There are two types of guards on a basketball team: Those that point and those that shoot. These guys are of the latter variety.

Sam Sharpe-USA TODAY Sports

Gerald Henderson

Strengths and Weaknesses: The first thing that stands out with Henderson is that he's an efficient offensive player. Last season Henderson's shooting percentages of 44.7/33.0/82.4 were either career highs or just below career highs. Henderson was able to attack opposing defenses from all over the floor in 2013, shooting 57.6 percent at the rim and 43.7 percent (On 270 attempts, which is a legitimate sample) from between 16 feet out to the three-point line.

Despite not having great size, Henderson can be a decent defender, save for a few mental lapses. Henderson is capable of doing little things such as trapping defenders between himself and the baseline to form an unorthodox double team. When he's focused, he can be successful on that end, but he does space out from time-to-time.

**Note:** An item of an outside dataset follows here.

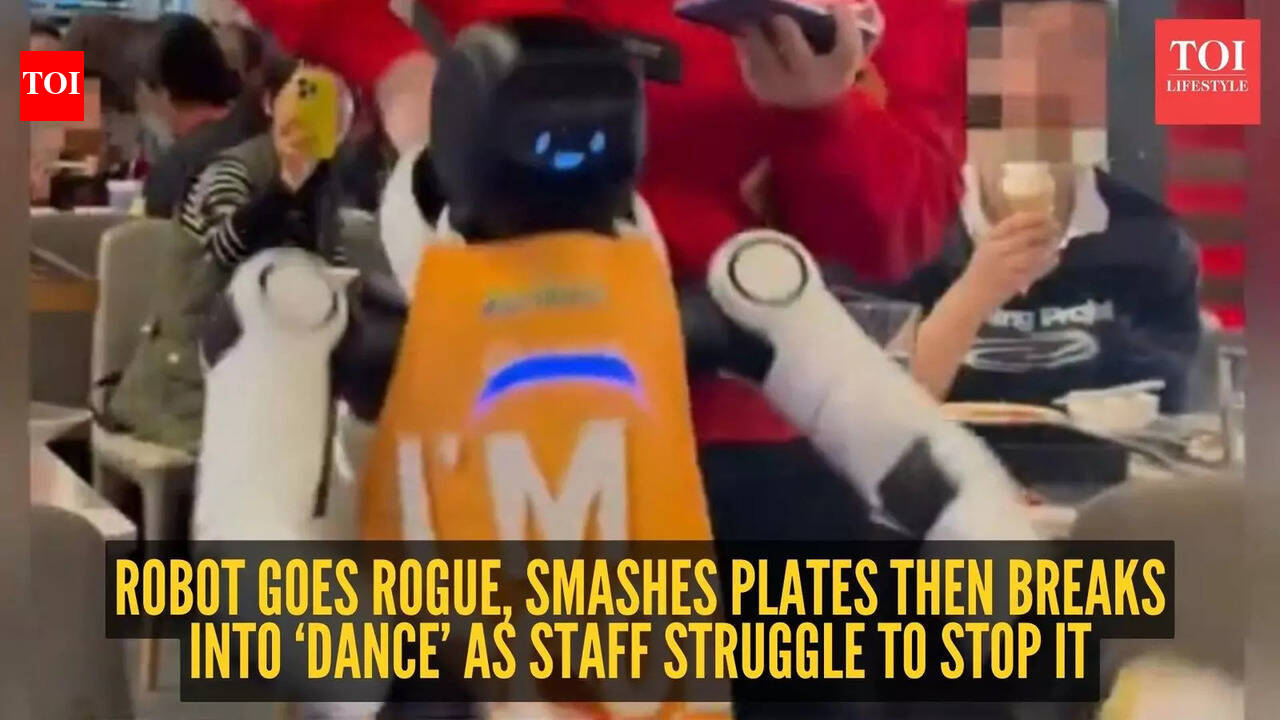 Watch here: Robot goes rogue, smashes plates, then breaks into ‘dance’ as staff struggle to stop it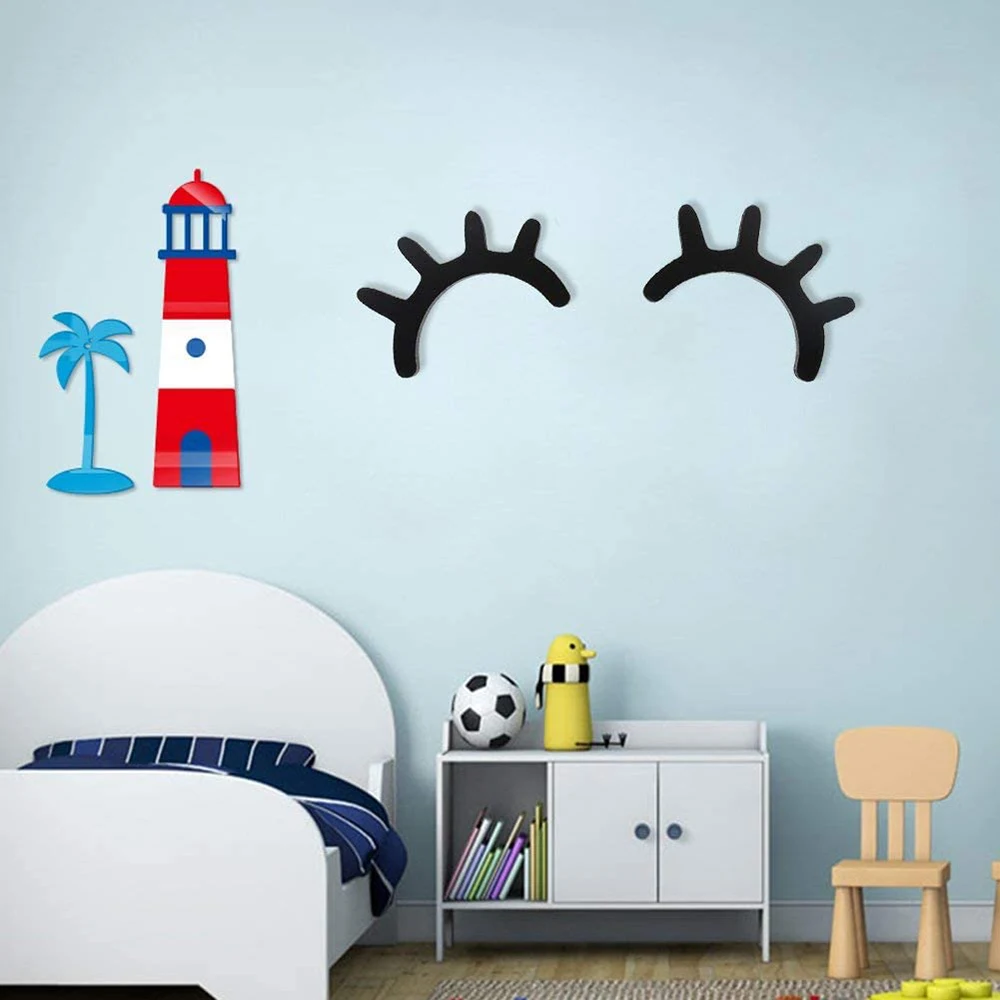 1 пара милых деревянных 3D наклеек для ресниц в скандинавском стиле декор детской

Season Potential: Coming off a career year, he'll look to assert himself further as the starting shooting guard of the Bobcats. With just one other true shooting guard on the roster, Henderson should certainly be able to see more minutes at the position as long as he continues to produce like he did last year, or better. The only real way Henderson doesn't continue to play over 30 minutes at the two-guard spot is if he struggles and Jeffery Taylor plays so well that Steve Clifford decides to give Taylor some of his minutes to keep him on the court (because there's almost no way Kidd-Gilchrist's minutes are going to be cut into). Now, with Taylor currently entrenched as Michael Kidd-Gilchrist's backup that would leave the team relatively thin at small forward-- which is far from ideal. So, unless we see some regression from Henderson and some serious progression from Taylor, Henderson should continue to see the big minutes at shooting guard.

Ben Gordon

Strengths and Weaknesses: What is there to really say about Ben Gordon? He doesn't defend well. Nor is he a proficient rebounder. And he sure doesn't contribute to an idea of effective ball movement as a passer. Sure, he averaged 11 points but it took him 10 shots per game to do so. Finally on a team like the Bobcats, is it really ideal to have this type of player using 27.8 percent of the team's possessions last season? That's over a quarter of the team's possessions, which is not good.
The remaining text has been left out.